Newspapers throughout the country recorded incredulity at a seemingly classic case of injustice. Tens of thousands of Illinois citizens signed protest petitions and inundated Governor James Thompson's office with phone calls, telegrams and letters. How, everyone wondered, could Cook County Judge Richard Samuels have done it? The judge, after allowing Convicted Rapist Gary Dotson a few days of freedom on bail, had then sent him back to prison, despite the fact that his supposed victim, Cathleen Crowell Webb, had retracted her accusation. But while most members of the legal community shared the public discomfort with the outcome of Dotson's case, they recognized that it rested on sound legal principles.

The courts have always regarded recanted testimony with suspicion, in part because there are too many bad reasons for witnesses to change their minds: intimidation, bribery, misplaced sympathy for an imprisoned or condemned offender. In addition, "there is a preference for finality," says Martin Guggenheim of New York University Law School. "The notion that a verdict can't be overturned based simply on more evidence is part of the American system of justice." Says Harvard's Alan Dershowitz: "The law has a stake in more than this case. It worries about the hundreds in prison who now may be inclined to have people retract testimony."

As a result, the burden of proof in recantation cases is on those challenging the conviction, and the decision of the judge rehearing evidence is virtually never second-guessed by appeals courts. After listening to Webb, 23, explain that she made up the kidnaping and rape eight years ago because she feared she was pregnant by her boyfriend, Judge Samuels weighed her statements against what he had heard at the 1979 trial. He concluded she was less believable now and seemed to have a "selective recollection" of events. As Samuels told a Chicago Sun-Times reporter last week, "Her demeanor was totally different."
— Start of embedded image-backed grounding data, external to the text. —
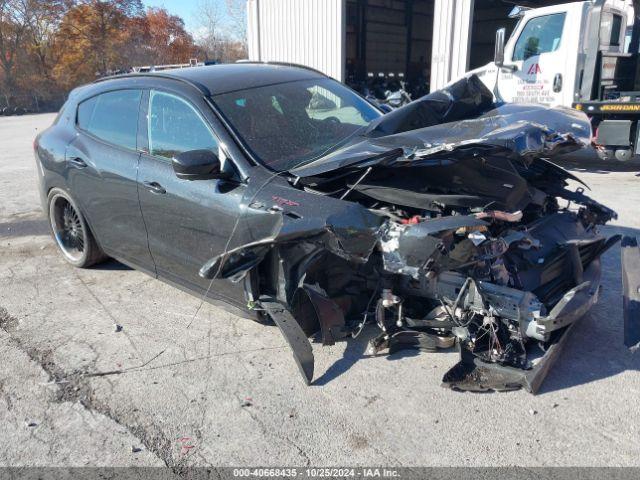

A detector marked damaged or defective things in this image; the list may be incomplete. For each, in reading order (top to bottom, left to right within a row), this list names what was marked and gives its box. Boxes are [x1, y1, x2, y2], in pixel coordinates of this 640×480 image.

wrecked black suv [35, 64, 636, 394]
damaged front end [201, 76, 624, 394]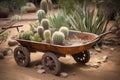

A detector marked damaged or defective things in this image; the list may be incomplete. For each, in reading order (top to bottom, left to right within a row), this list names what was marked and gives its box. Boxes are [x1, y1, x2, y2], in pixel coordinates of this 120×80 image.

rusty wheelbarrow [13, 30, 111, 75]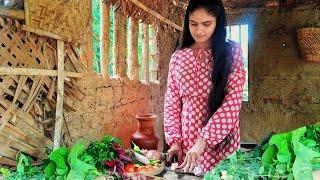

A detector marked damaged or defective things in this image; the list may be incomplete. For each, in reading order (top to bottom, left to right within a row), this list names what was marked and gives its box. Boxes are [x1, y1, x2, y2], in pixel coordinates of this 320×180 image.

cracked mud wall [65, 27, 180, 149]
cracked mud wall [229, 5, 320, 143]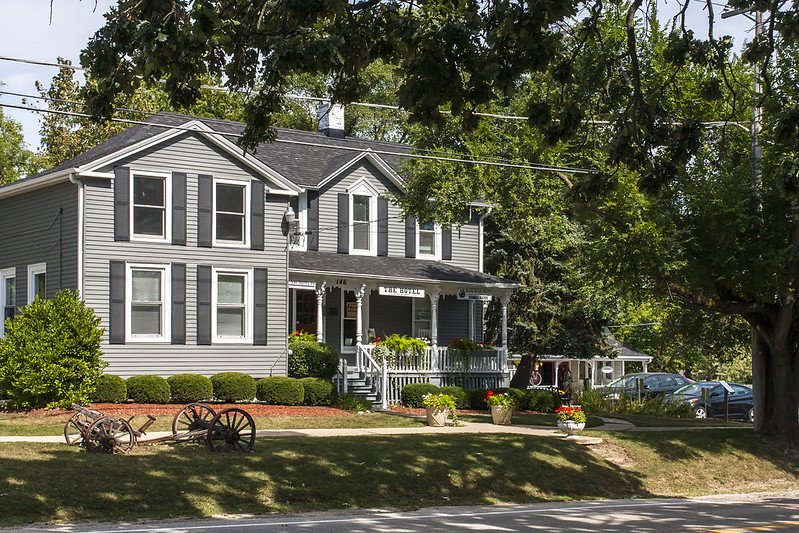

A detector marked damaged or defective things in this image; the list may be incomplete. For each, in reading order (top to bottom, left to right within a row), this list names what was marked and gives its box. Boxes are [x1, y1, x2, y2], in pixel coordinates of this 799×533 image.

rusty wagon frame [63, 404, 256, 454]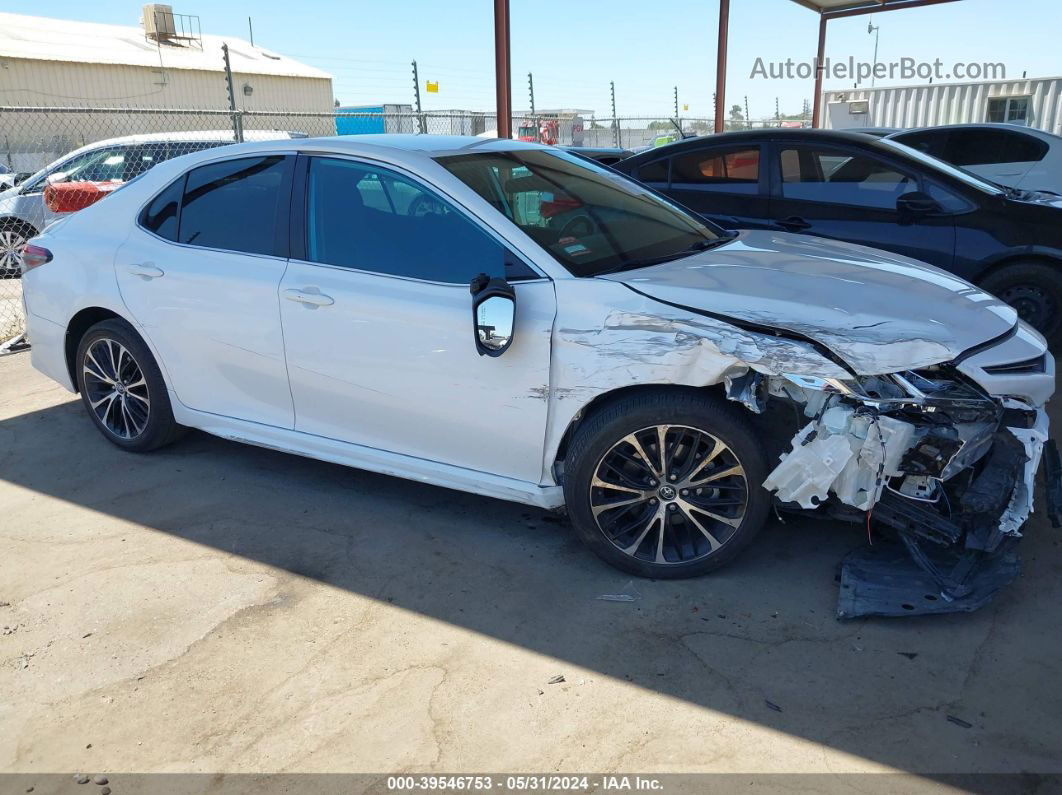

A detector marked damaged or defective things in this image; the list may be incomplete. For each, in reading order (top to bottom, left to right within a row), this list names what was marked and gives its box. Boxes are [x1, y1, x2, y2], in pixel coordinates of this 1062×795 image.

dented driver door [278, 152, 560, 479]
damaged white toyota camry [18, 136, 1062, 615]
crumpled front end [760, 350, 1057, 615]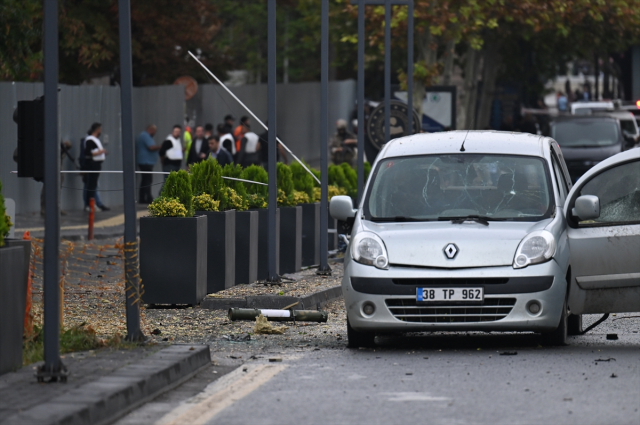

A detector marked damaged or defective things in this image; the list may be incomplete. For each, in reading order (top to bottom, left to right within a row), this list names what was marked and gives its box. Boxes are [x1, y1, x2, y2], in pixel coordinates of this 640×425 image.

damaged windshield [364, 153, 556, 220]
cracked road surface [117, 312, 636, 424]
The reversal of any conviction on the basis of recanted testimony alone is rare; there has never been one in Illinois. In Massachusetts three months ago, a judge overturned the 1974 first-degree-murder conviction of Black Panther Activist Frank ("Parky") Grace; a co-defendant and a witness had changed their testimony, but Grace's lawyers won because they also provided a wealth of new corroborating evidence. In a celebrated New Jersey murder case, a witness against former Middleweight Boxer Rubin ("Hurricane") Carter announced that he had lied at the original 1967 trial. Yet when the state's supreme court reversed the Carter conviction in 1976, it stated that it was not considering the recantation. (At the retrial, the witness changed his story back again, and Carter was reconvicted.)